Após a repercussão, a campanha de Lula voltou a dizer que o petista é católico, crismado e frequentador da Igreja Católica. Vanilla também afirmou que o petista não tem nenhuma relação com sua "casa espiritual".

JOVEM PAN

No dia 7 de outubro, o TSE determinou a remoção de vídeo da Jovem Pan com entrevista da senadora Mara Gabrilli sob a justificativa de conteúdo desinformativo e violador da imagem.
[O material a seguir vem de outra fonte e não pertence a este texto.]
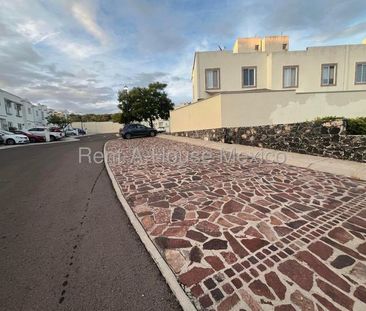 Casa en renta · El Mirador, Querétaro · 3 recámaras (Patio con exce... - Photo 2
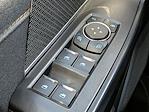 2023 Ford F-150 SuperCrew Cab 4WD Pickup for sale #T95835A - photo 28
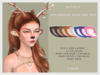 4x3%20rudy%20ears%20rs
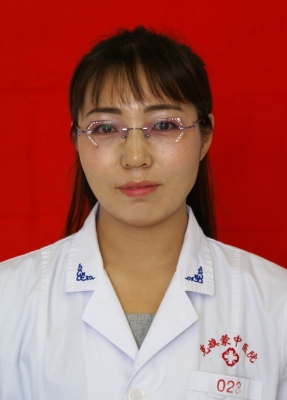 赤峰中醫(yī)蒙醫(yī)醫(yī)院醫(yī)生電話號碼-第1張圖片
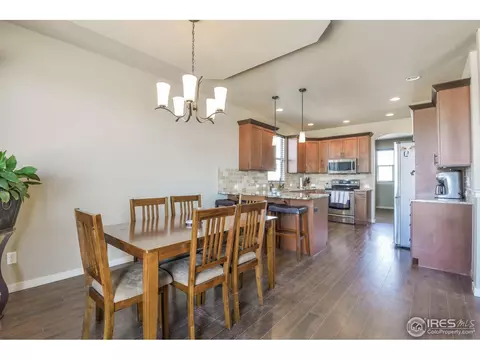 40763 Jade Dr, Ault, CO 80610 photo 9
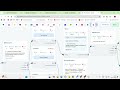 How to Create WhatsApp Flow Form Step-by-Step (2026 Guide), Meta WhatsApp Flow Form Full Setup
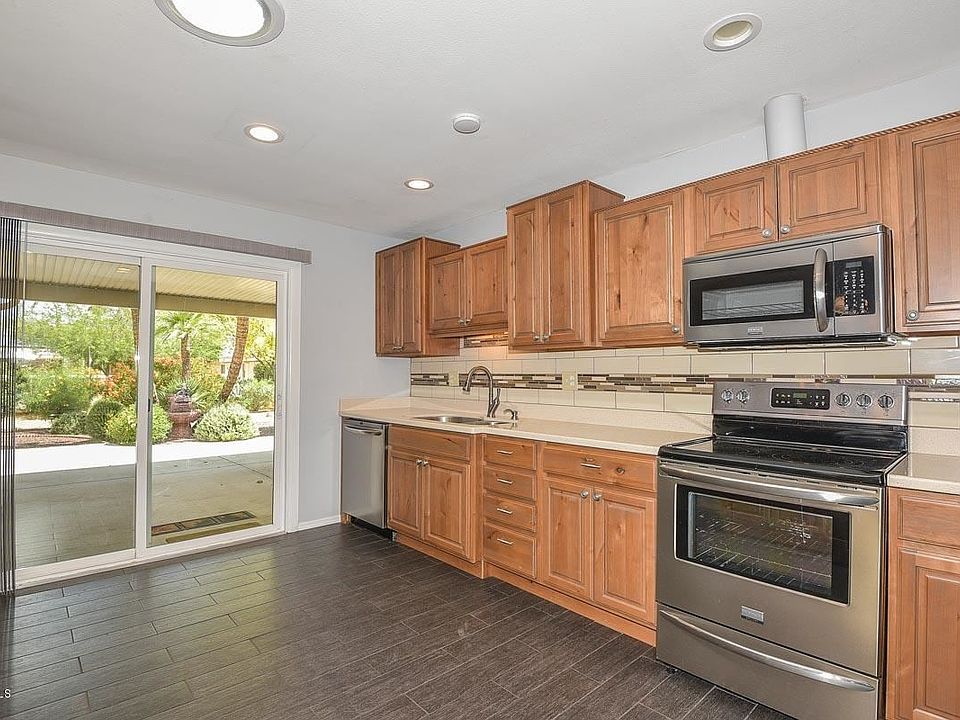 1st image of 12814 W Keystone Dr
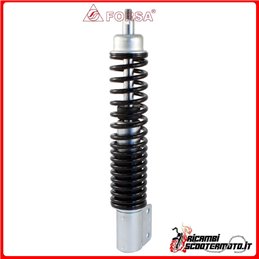 FORSA FRONT SHOCK ABSORBER PIAGGIO VESPA PX 125 2011-2016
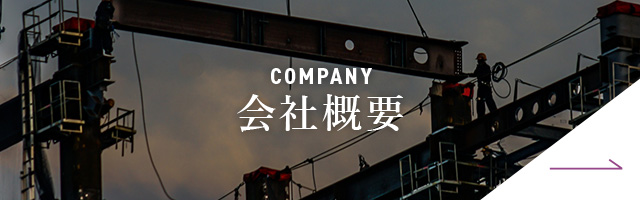 sp_half_bnr_company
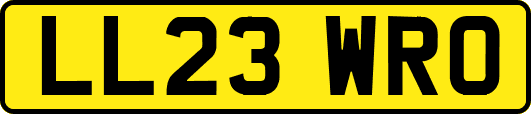 LL23WRO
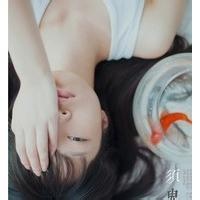 残雪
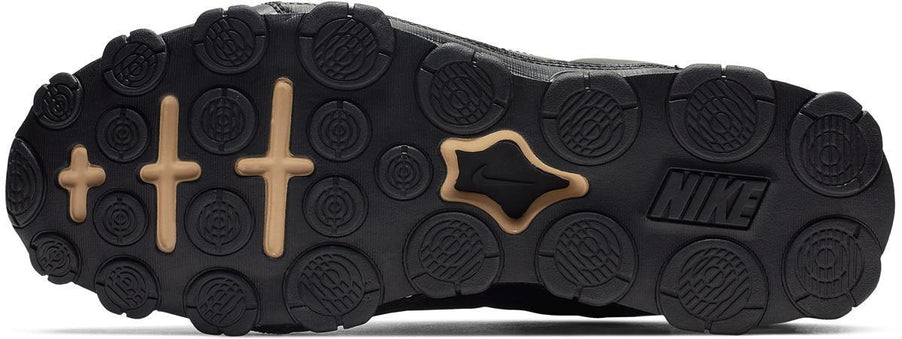 Reax 8 TR fitness schoenen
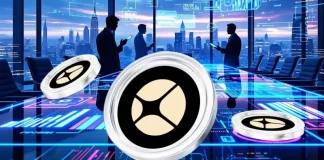 Aster Price Prediction as US President Adds $110M Worth of Tokens to His Portfolio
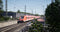 Train Sim World®: Rhein-Ruhr Osten: Wuppertal – Hagen Route Add-On (PC) 36fdc802-da2c-49b2-8b1e-91371c18160d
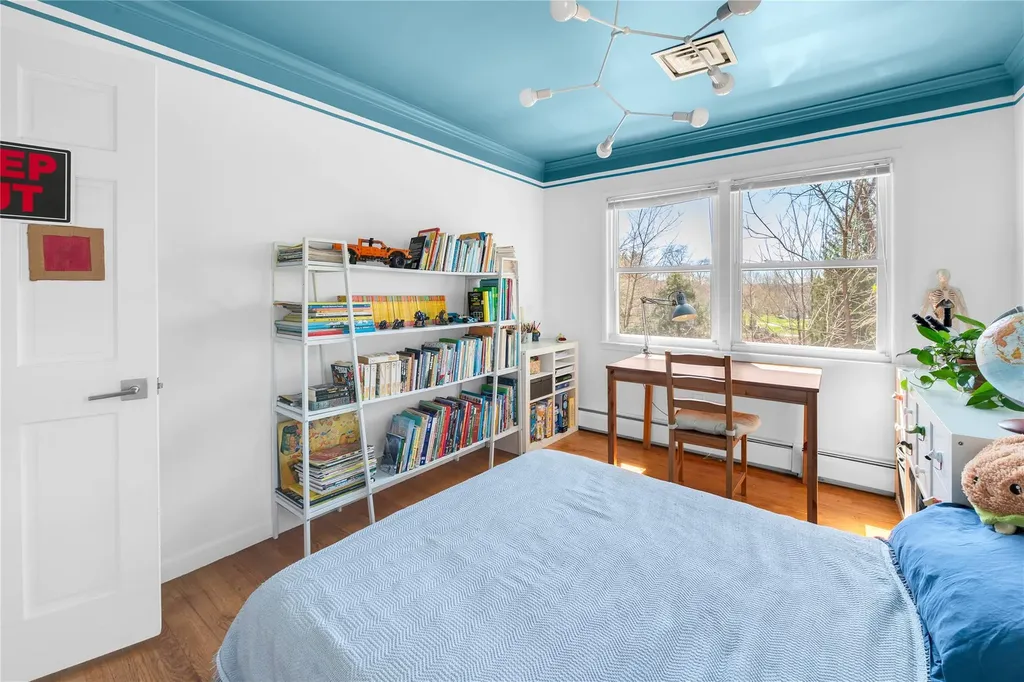 52 Seneca Lane Pleasantville NY 10570
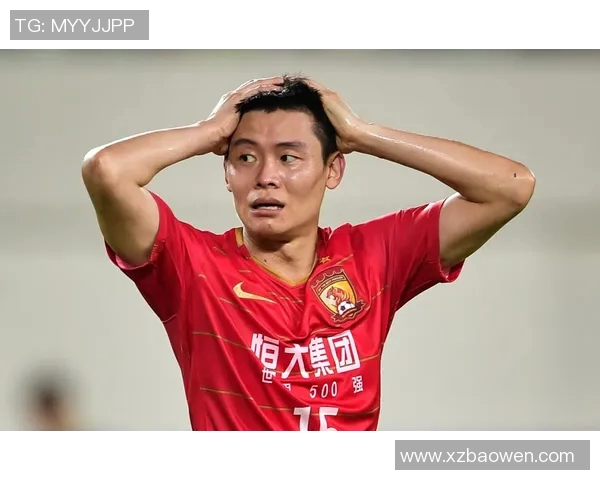 迈阿密海豚队新赛季展望球队重建与明星球员的未来发展分析 迈阿密海豚队新赛季展望球队重建与明星球员的未来发展分析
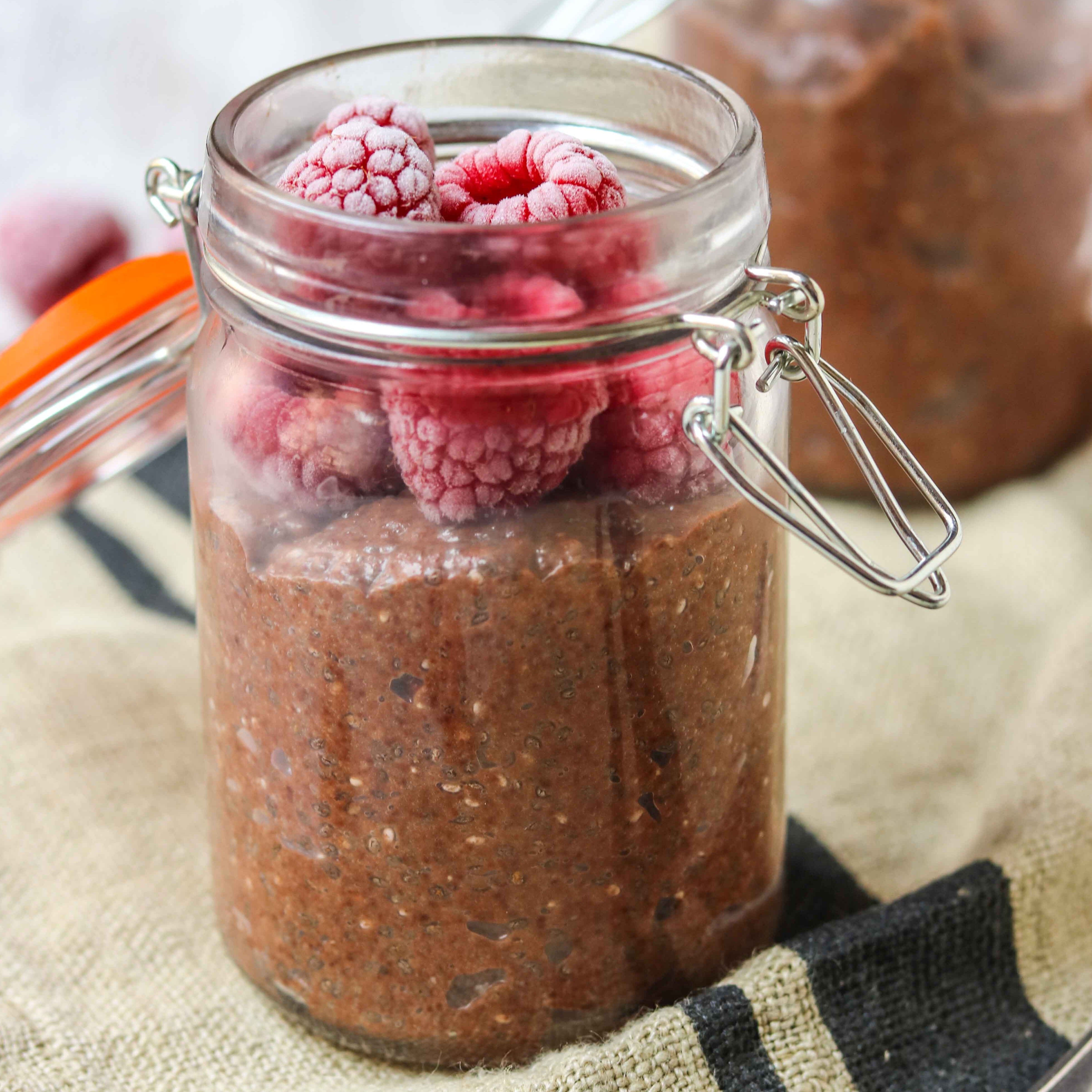 EASY EVERYDAY VEGETARIAN RECIPE E-BOOK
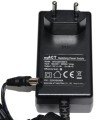 myact 12v 2a APS-A02412020-G 1.jpg
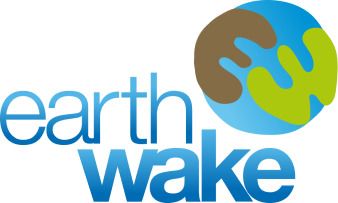 Logo Earthwake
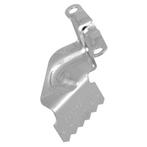 Timing tab 8 inch BB, Auto-onderdelen, Motor en Toebehoren, Ophalen of Verzenden, Nieuw
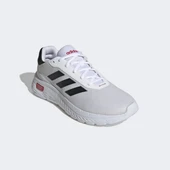adidas IH6132 CLOUDFOAM COMFY GÜNLÜK SPOR AYAKKABI thumbnail 2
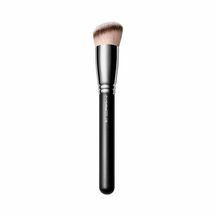 170 SYNTHETIC ROUNDED SLANT BRUSH (BROCHA DE ROSTRO)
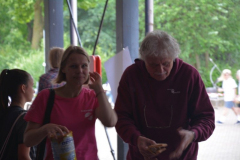 sponsorenlauf16_-_107_20160922_1180239665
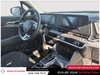 2023 Kia Sportage LX-22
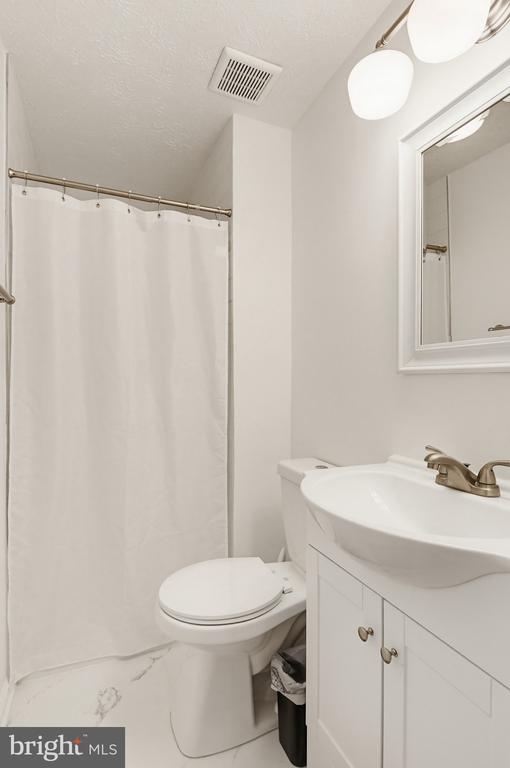 11528 DOXDAM TERRACE
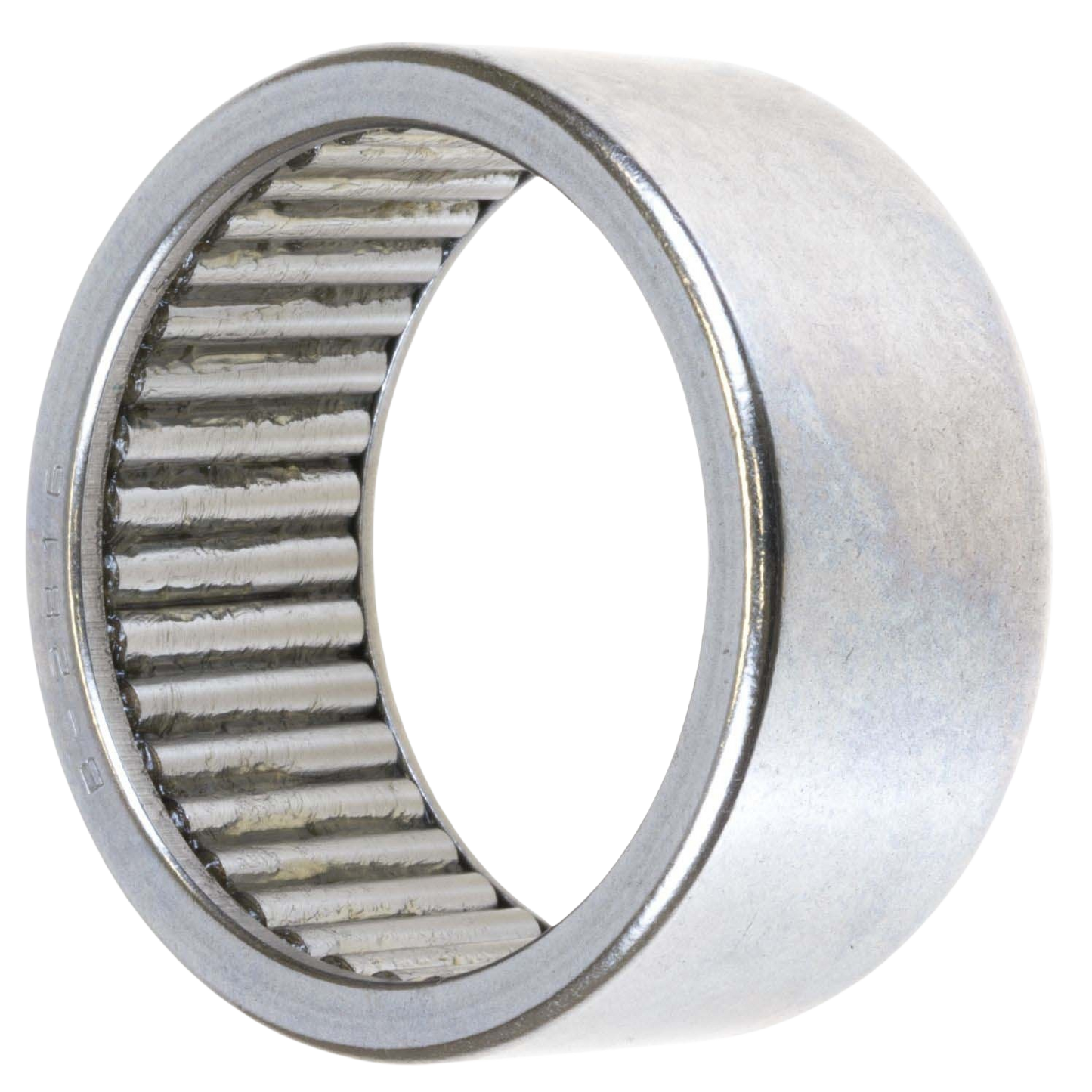 Rolamento de Rolos Cilíndricos - FAG - 510148B - (3)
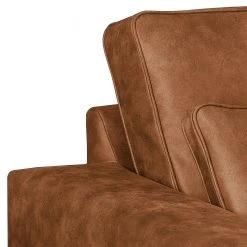 Ars manufacti Ecksofa Coolock Antiklederlook - Cognac - Ottomane davorstehend rechts 24 Ars manufacti Ecksofa Coolock Antiklederlook - Cognac - Ottomane davorstehend rechts -Wohnzimmermöbel boutique en ligne ecksofa coolock antiklederlook ottomane davorstehend rechts cognac 4532236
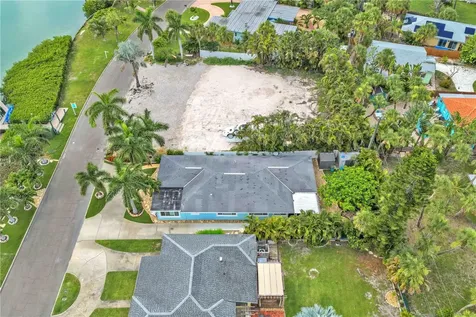 3111 W Maritana Drive St Pete Beach FL 33706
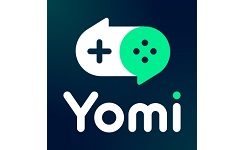 yomi世界加速器
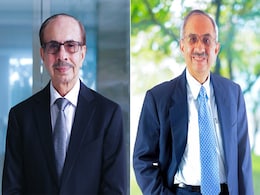 5 Facts About Adi And Nadir Godrej, Owners Of Godrej Industries After Split 5 Facts About Adi And Nadir Godrej, Owners Of Godrej Industries After Split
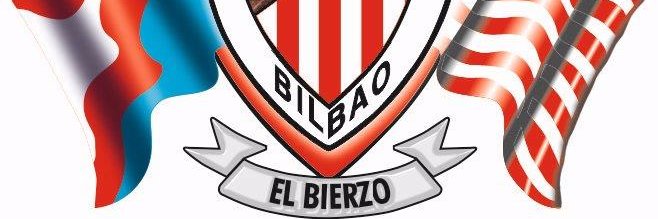 bierzoathletic's profile banner image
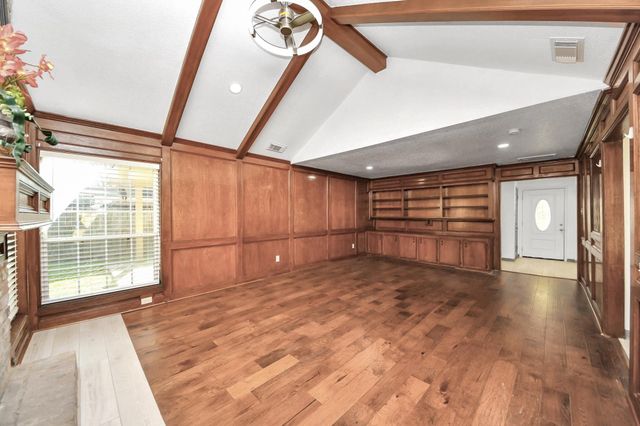 2322 Bright Meadows Drive, Missouri City, TX 77489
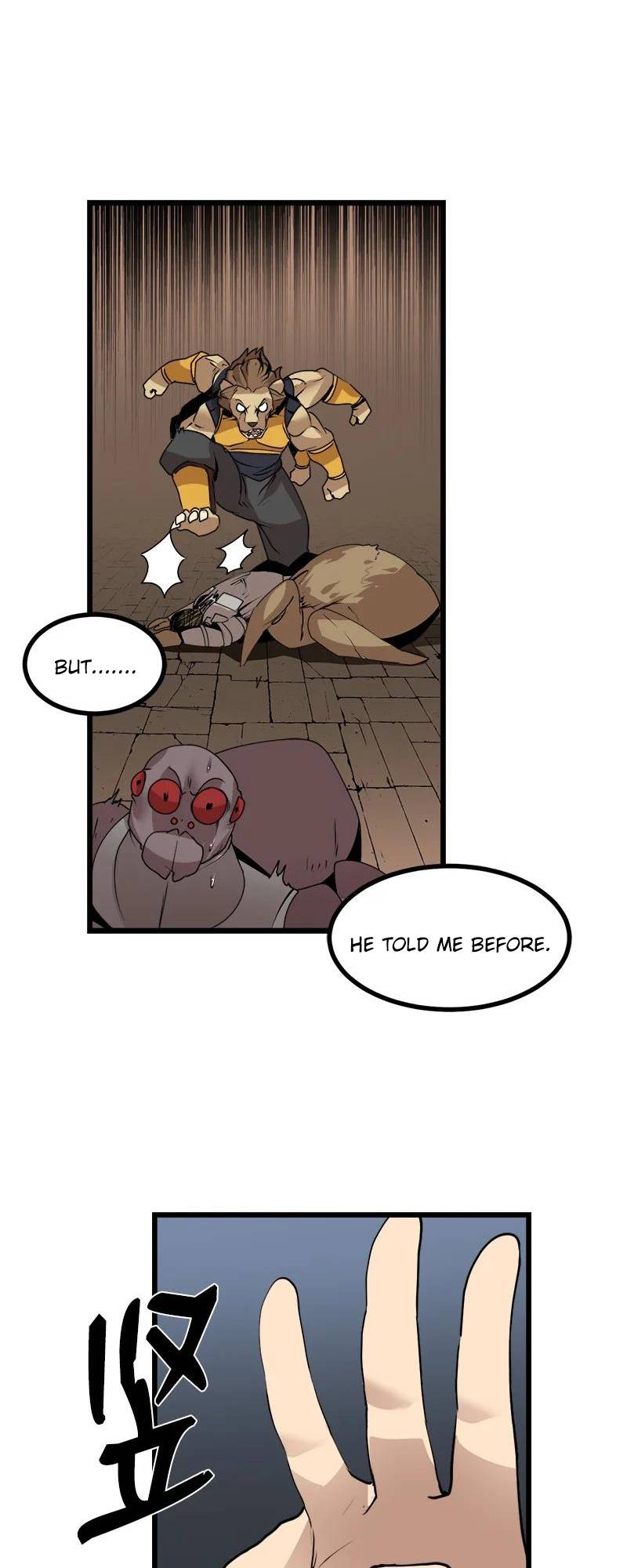 Page 43 of Chapter 125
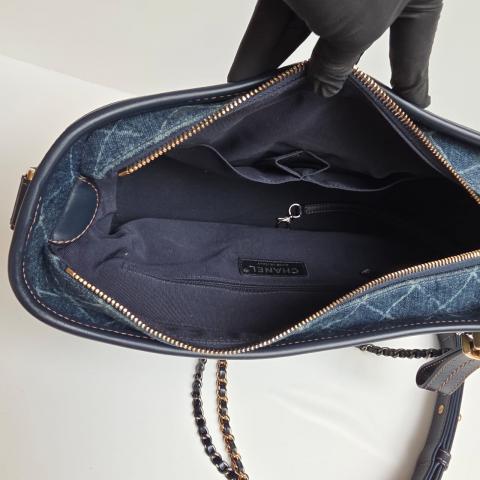 Large Product Preview Image 8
Em sua fala, a parlamentar afirmava que Lula havia pagado para não ser envolvido no caso do ex-prefeito de Santo André, Celso Daniel.

OS FATOS
Em abril de 2002, a Polícia Civil encaminhou à Justiça a conclusão do inquérito sobre a morte do ex-prefeito. A constatação foi que se tratou de crime comum, cometido por integrantes de uma quadrilha de criminosos que tinha como base a favela Pantanal, na zona sul de São Paulo. Seis homens foram presos, e um adolescente, apreendido. Os adultos foram julgados e condenados em júri popular, e o caso está encerrado na Justiça.